◆ WORK ITEM:
For the material below, return exactly the lines starting at the one holding "Fundamentals of TCP/IP - 489 Pages" and ending at the one holding "仅售娃衣】16cm莉拉LUKY CAT挂件玩偶着替毛绒娃衣服粉小樱套装萌", counting both as part of the range.

◆ TASK INPUTS:
===
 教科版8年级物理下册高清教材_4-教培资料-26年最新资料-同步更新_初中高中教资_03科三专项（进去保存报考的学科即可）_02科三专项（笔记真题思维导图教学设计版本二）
===
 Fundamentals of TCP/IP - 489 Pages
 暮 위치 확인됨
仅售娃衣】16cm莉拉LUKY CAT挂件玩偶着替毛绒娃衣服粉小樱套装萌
===
◆ EXPECTED ANSWER:
 Fundamentals of TCP/IP - 489 Pages
 暮 위치 확인됨
仅售娃衣】16cm莉拉LUKY CAT挂件玩偶着替毛绒娃衣服粉小樱套装萌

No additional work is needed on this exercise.